WHAT TO WORK ON =>
Your answer should consist only of the lines below from the one with "DPPhotography - Morocco - Desert wheatear - A" through the one with "まゆのの作ってみた!投稿(【飾り切り】ラディッシュでキノコを作る方法)", copied exactly.

TASK MATERIAL =>
######
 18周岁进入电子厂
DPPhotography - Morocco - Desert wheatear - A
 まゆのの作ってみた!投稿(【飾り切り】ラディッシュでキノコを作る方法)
######
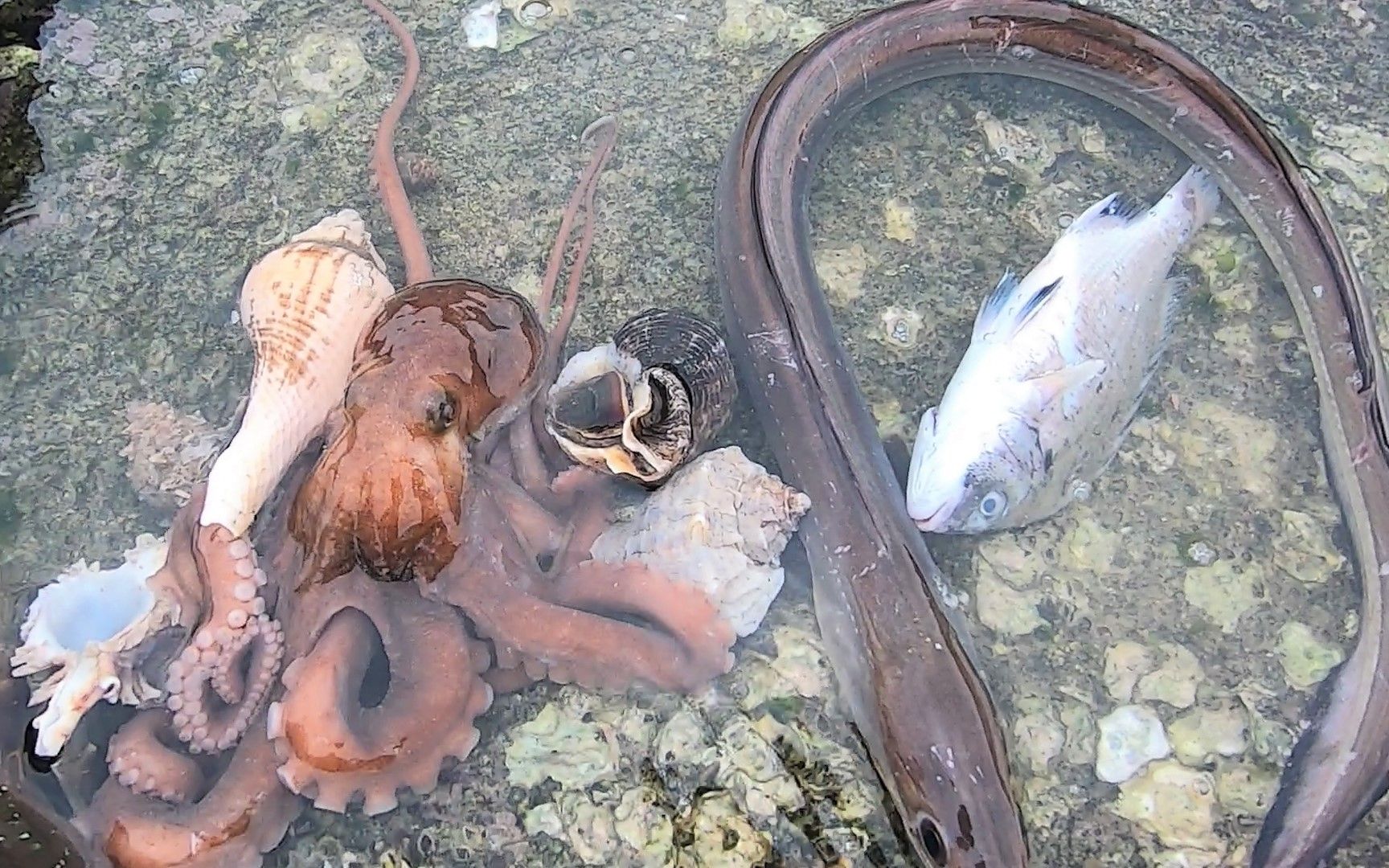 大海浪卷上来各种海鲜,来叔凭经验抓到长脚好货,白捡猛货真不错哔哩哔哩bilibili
######
OUTPUT =>
DPPhotography - Morocco - Desert wheatear - A
 まゆのの作ってみた!投稿(【飾り切り】ラディッシュでキノコを作る方法)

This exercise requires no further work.